MPs on the business committee also want to question the couple as part of its inquiry into the sale and acquisition of BHS. Sir Philip has been asked to say when he will be available to appear “in the coming weeks” for the special joint hearing for the entrepreneur.
Dominic Chappell, who led a consortium called Retail Acquisitions that bought BHS for £1 last year, is also being called as a witness by MPs.
Frank Field, chair of the committee, said: “The spine of our inquiry is looking at how and where money went out of the company, to whom it went, and how this may have disadvantaged the pensioners.”
Allan Leighton, the chairman of the Co-operative Group, is understood to be considering a rescue bid for part of BHS, nine years after leaving the chain. Administrators, who were appointed last week, are hoping to sell at least part of BHS as a going concern and save some of the 11,000 jobs at risk.
Leighton, a previous boss of Asda and the Royal Mail, is among up to 10 potential bidders looking at buying up to 60 BHS stores, and possibly the brand name, too. Other contenders are believed to include Sports Direct, Edinburgh Woollen Mill owner Philip Day, B&M Stores and Yousuf Bhailok, a Preston-based millionaire property owner.

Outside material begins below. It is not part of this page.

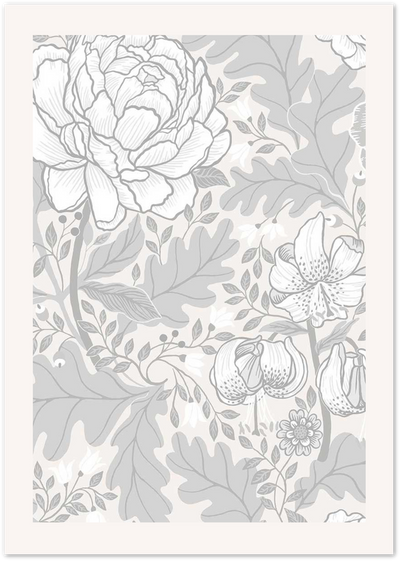 Grey and white line art poster of peonies, lilies and oak leaves on cream background
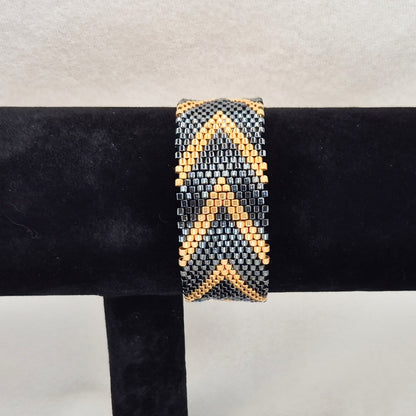Armband mit Miyuki Perlen Schwarz/Gold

Sir Philip has also been rumoured to be considering buying back the chain that he sold to the consortium led by Chappell, a former bankrupt.
Chappell, who led BHS into administration with debts of £1.3bn, has also claimed he is considering a bid for the company. He said: “We have some angles and we have a reasonable chance of getting a bid in.” A spokesman for BHS said such an idea was “pure fantasy”.
Leighton tried to buy the chain from Green nine years ago, just before the former Asda boss stepped down as chairman of BHS.
The retail heavyweight was chairman of BHS between 2000 and 2007, during which time he was paid more than £2.6m. Under his chairmanship, more than £422m in dividends was paid out to BHS shareholders, including the Green family, ragtrade entrepreneur Richard Caring and Scottish multimillionaire Sir Tom Hunter.
Leighton was not a shareholder, but was responsible for the running of the business, which was profitable throughout his tenure and had net pension assets of £3.4m before tax in March 2008, three months after he left.
Leighton’s interest in buying BHS comes as those involved in the troubled chain’s history are likely to face scrutiny. The Guardian has revealed that former racing driver Chappell could be forced to return millions of pounds paid to his consortium during its controversial 13-month ownership of BHS.
The legal director of BHS has written to Chappell asking him for £50,000 that has not been repaid after he moved £1.5m from the retailer to an obscure corporate vehicle in the days before the store chain’s collapse.
Meanwhile, the BHS administrators are also examining whether loans paid to Retail Acquisitions, Chappell’s consortium, can be called in.
City grandee Paul Myners said there were “big questions that need to be asked about the stewardship of this company under the ownership of Lady Green and the management of Sir Philip Green”.